Monte Carlo methods have already been applied in medicine, e.g. in the development of medical
instruments, therapy, or definition of dosage maps. However, the history of the application of Monte
Carlo methods in image reconstruction is about a decade long. Involving the model of real physical
effects by Monte Carlo simulation into the iterative reconstruction algorithms used for emission
tomography (SPECT, PET) results in more precise reconstruction algorithm. The geometrical
parameters and the detection probabilities are built in the system matrix in the case of an iterative
reconstruction algorithm, which is created traditionally by analytic computations. Creating a system
matrix by applying Monte Carlo simulations can produce more precise system model resulting in
better image contrast, spatial resolution and signal-to-noise ratio. These image parameters are
proportional to the applied radioactive dosage injected into the patient therefore improving image
quality by mathematical-physical methods can lead to the reduction of the radioactive dosage.
Nowadays Monte Carlo methods are used primarily for creating the system matrix of an iterative
reconstruction algorithm as a part of the calibration process. The Monte Carlo simulation has already
been used in an experimental study to describe the geometry and components of a PET detector
system without considering scattering and attenuation media within the phantom [Refecas 2004]. In an
other study the system matrix of a SPECT system has been described by modelling scattering and
photon attenuation as well assuming a homogeneous attenuating medium [Lazaro 2004] [Lazaro
2005]. In both cases the application of the Monte Carlo simulation resulted in a better spatial
resolution.
Theoretically, the iterative reconstruction process applying Monte Carlo simulations in the 3D
projector by modelling scattering and photon attenuation using the attenuation map derived from a CT
scan would be the most precise reconstruction algorithm.
There is a bottleneck of the application of the Monte Carlo methods. The Monte Carlo methods
require extremely high computation time in order to achieve a statistically proper result. Therefore it is
impossible to apply an iterative reconstruction algorithm using Monte Carlo method with conventional
computers. Reconstructing a volume with such a reconstruction algorithm would last for some month.

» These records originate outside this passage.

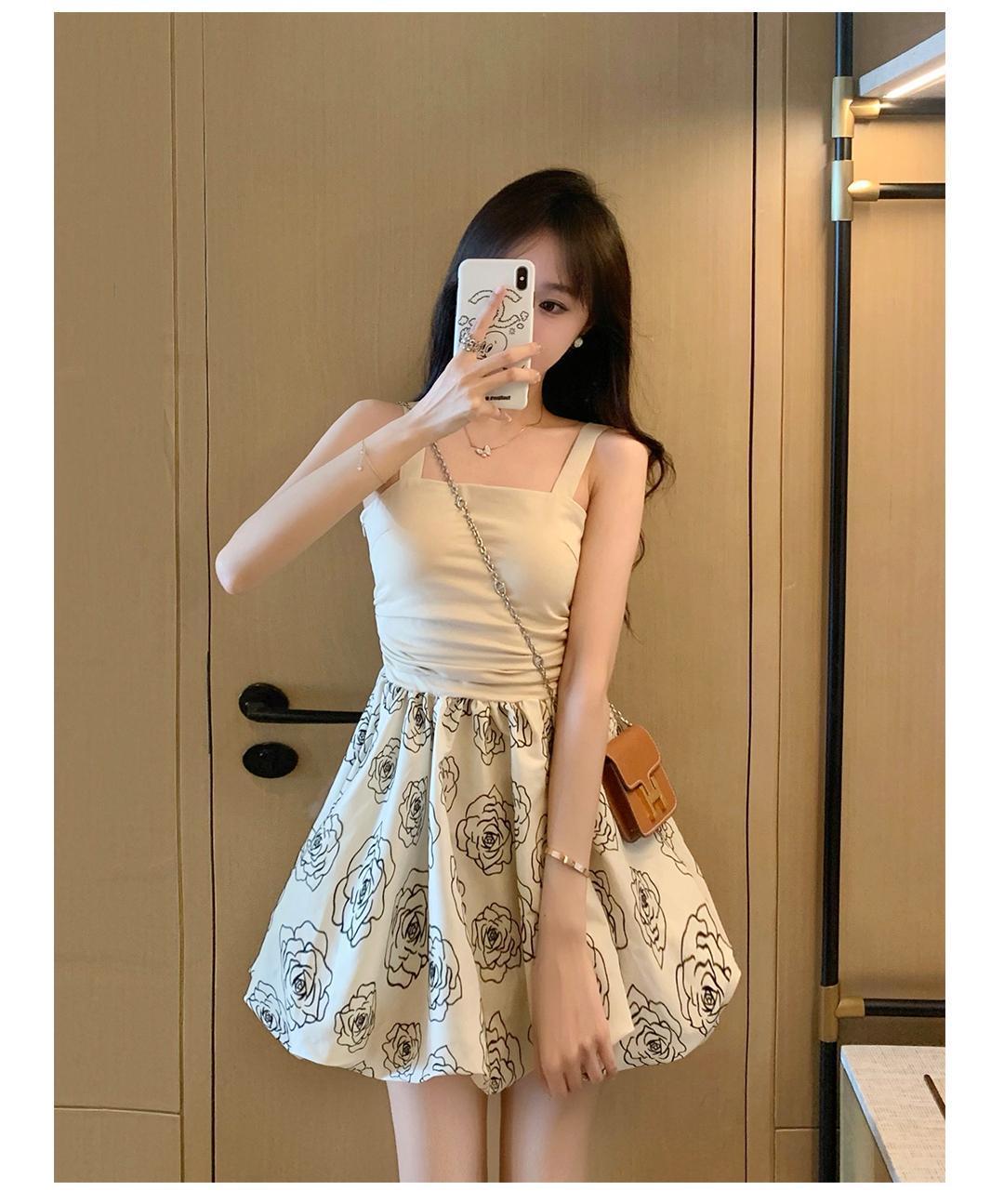 TOBE1SHOP Váy cổ điển kiểu Pháp, váy thiết kế mùa hè, váy ngắn cổ tích.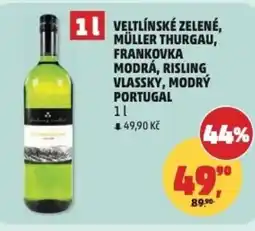 Penny Market Veltlínské zelené, müller thurgau, frankovka modrá, risling vlassky, modrý portugal nabídka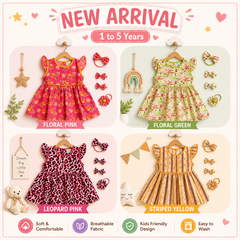 Girls Cotton Frock Pack of 4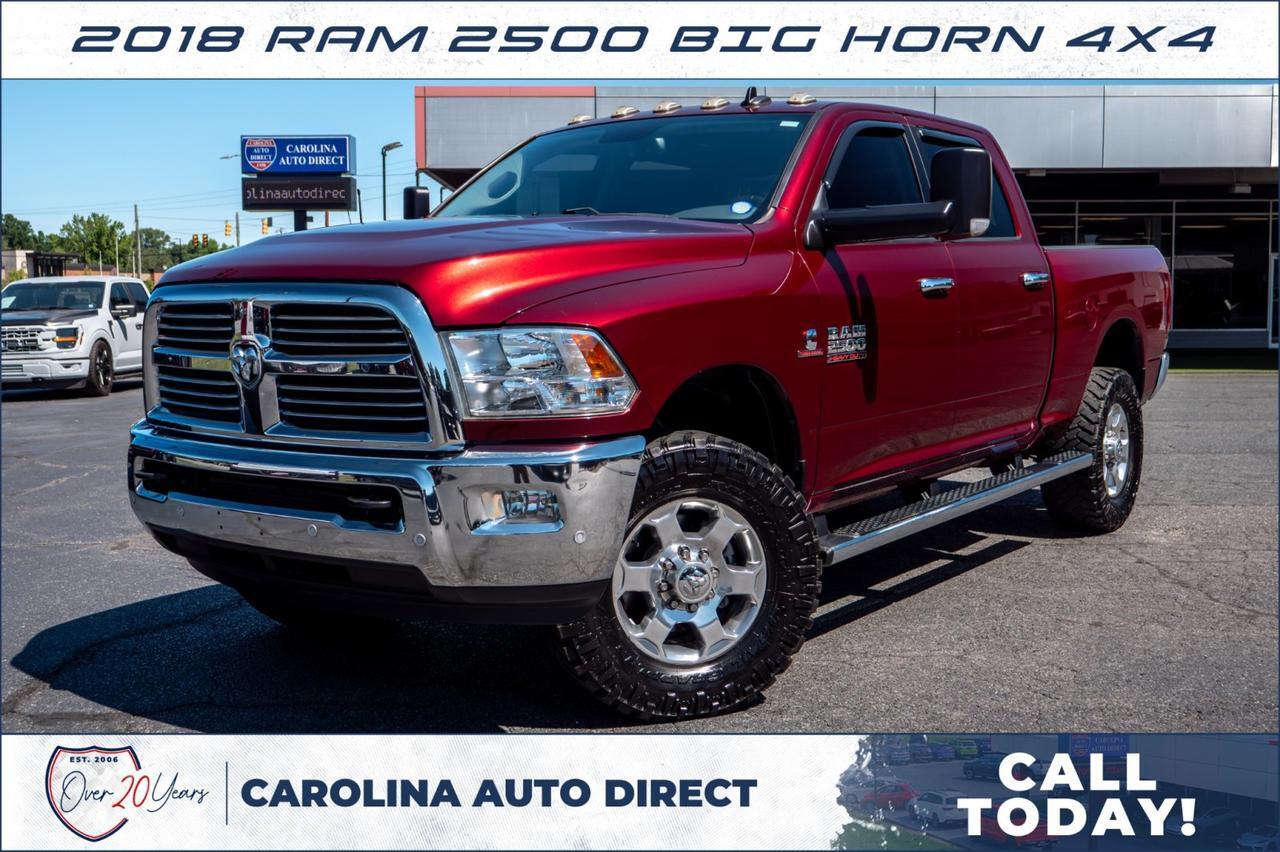 2018 Ram 2500 Big Horn 4X4 / Luxury Group / Turbo Diesel!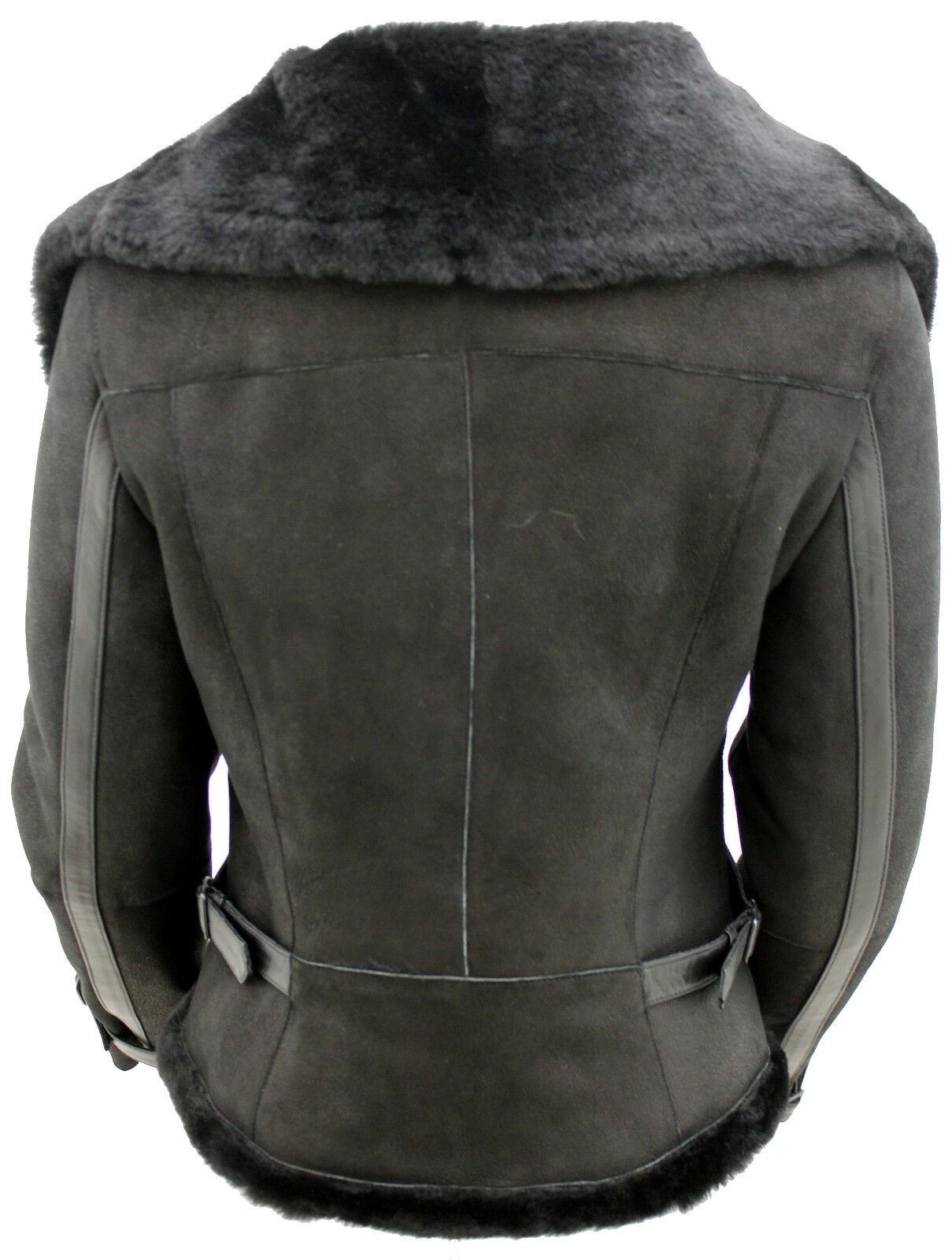 Womens Merino Sheepskin Leather Jacket-Petworth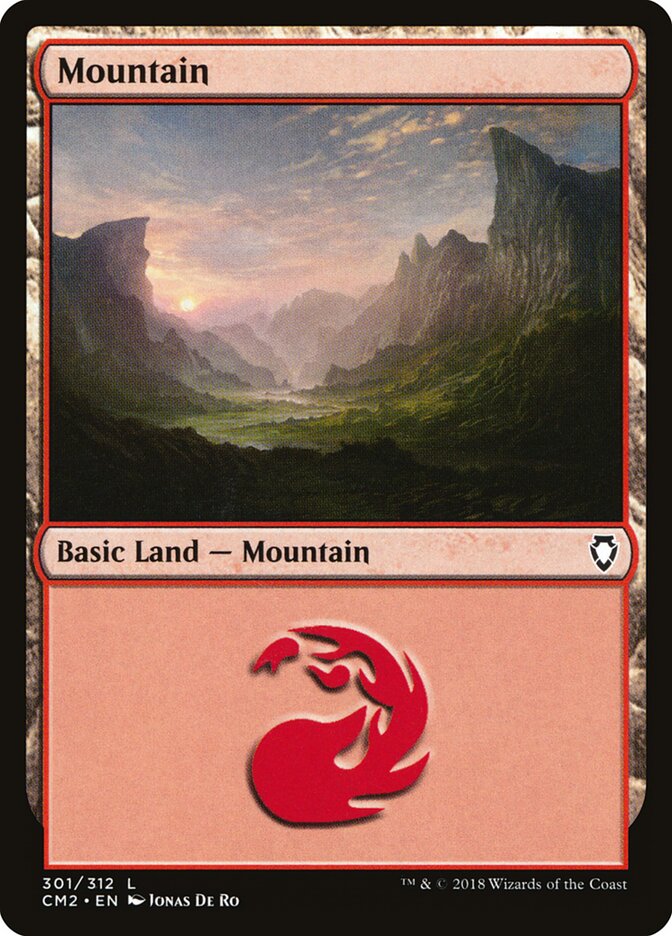 Mountain card front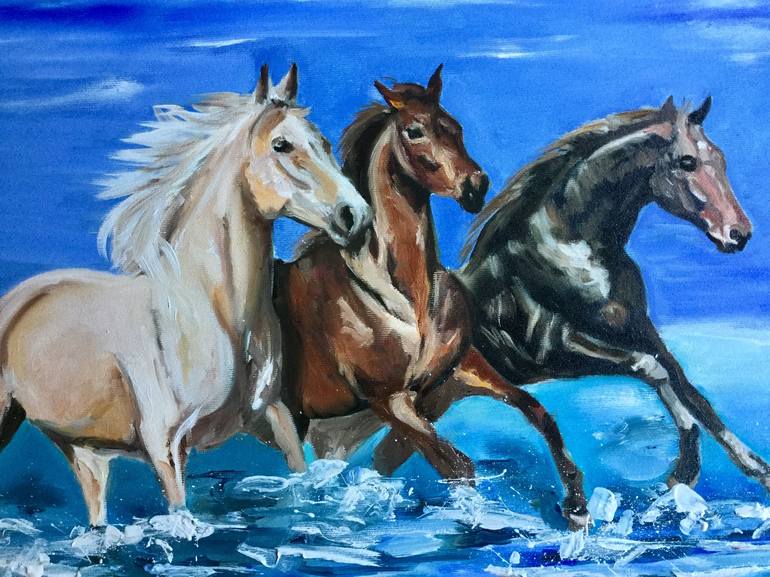 Original Expressionism Animal Painting by Olga Koval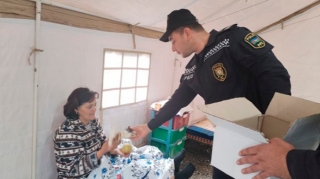 Qarabağın erməniəsilli əhalisi üçün çadırlar quruldu   - FOTO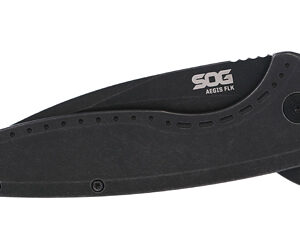 SOG AEGIS FLK 3.25" DROP PT BLK — view 3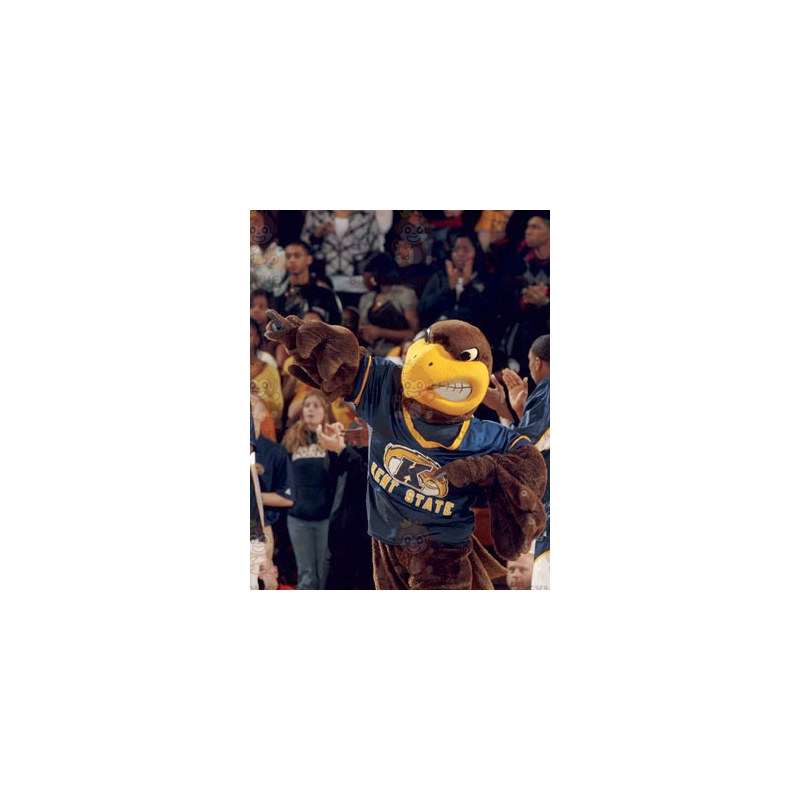 Fierce Looking Brown and Yellow Eagle BIGGYMONKEY™ Mascot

However, the rapid evolution of HPC (High Performance Computing) platforms make viable the
application of Monte Carlo methods in clinical equipments in the close future.
Our goal in this project is to investigate how can be used HPC methods to reduce the execution time of
Monte Carlo simulations in order to create more precise system matrix for SPECT and PET systems or
to perform a more precise scatter and attenuation correction by using a CT scan.